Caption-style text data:
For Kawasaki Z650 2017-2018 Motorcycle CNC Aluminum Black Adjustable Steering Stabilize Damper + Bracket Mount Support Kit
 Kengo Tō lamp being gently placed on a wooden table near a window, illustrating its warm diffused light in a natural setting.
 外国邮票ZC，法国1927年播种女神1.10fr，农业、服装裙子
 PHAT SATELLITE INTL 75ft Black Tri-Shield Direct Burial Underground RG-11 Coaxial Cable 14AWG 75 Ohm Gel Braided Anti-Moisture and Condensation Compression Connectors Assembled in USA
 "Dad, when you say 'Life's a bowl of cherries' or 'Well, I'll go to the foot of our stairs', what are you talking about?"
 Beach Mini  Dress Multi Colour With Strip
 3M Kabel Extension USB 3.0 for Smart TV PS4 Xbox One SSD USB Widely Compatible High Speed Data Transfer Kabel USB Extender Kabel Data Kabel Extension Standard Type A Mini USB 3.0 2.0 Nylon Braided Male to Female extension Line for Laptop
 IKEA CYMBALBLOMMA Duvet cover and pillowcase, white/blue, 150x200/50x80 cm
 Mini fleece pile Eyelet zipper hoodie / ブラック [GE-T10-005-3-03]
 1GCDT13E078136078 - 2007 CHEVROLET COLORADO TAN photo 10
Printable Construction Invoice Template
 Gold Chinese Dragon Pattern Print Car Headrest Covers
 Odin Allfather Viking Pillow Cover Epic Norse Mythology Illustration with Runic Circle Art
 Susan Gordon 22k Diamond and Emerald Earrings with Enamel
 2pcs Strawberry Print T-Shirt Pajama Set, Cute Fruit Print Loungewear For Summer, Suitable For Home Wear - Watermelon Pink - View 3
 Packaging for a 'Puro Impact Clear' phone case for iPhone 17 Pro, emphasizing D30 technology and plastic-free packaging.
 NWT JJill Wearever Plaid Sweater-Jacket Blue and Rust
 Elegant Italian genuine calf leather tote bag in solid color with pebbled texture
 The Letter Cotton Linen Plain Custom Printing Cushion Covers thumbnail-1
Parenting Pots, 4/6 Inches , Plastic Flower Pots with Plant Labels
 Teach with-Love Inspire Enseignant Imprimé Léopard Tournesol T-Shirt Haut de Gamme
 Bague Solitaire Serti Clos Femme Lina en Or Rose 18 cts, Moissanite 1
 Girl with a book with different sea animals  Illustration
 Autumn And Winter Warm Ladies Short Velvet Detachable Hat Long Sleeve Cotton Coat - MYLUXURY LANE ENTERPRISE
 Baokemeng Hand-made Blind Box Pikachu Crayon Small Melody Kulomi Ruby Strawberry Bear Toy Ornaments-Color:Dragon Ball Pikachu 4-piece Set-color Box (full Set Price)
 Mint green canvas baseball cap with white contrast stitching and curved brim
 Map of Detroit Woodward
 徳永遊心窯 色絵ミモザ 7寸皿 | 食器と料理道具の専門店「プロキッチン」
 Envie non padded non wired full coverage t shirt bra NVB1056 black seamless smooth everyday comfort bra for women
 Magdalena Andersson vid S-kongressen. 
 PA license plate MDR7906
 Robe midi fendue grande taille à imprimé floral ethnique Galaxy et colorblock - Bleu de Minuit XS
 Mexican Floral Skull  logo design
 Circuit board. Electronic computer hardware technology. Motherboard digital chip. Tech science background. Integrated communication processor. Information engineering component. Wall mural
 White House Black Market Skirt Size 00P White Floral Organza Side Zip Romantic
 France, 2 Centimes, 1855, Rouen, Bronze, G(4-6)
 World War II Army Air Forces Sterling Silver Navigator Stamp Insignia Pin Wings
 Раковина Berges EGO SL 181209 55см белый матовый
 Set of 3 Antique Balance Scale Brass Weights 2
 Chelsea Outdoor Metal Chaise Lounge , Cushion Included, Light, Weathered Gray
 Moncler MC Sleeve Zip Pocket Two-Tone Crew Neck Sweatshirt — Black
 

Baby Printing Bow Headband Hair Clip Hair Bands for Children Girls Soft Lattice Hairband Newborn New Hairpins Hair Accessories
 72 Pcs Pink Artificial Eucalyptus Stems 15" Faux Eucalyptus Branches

**Try it:** Going through the records, say how many lines hold the string "Dragon". Only the number should be given.

**Answer below:** 2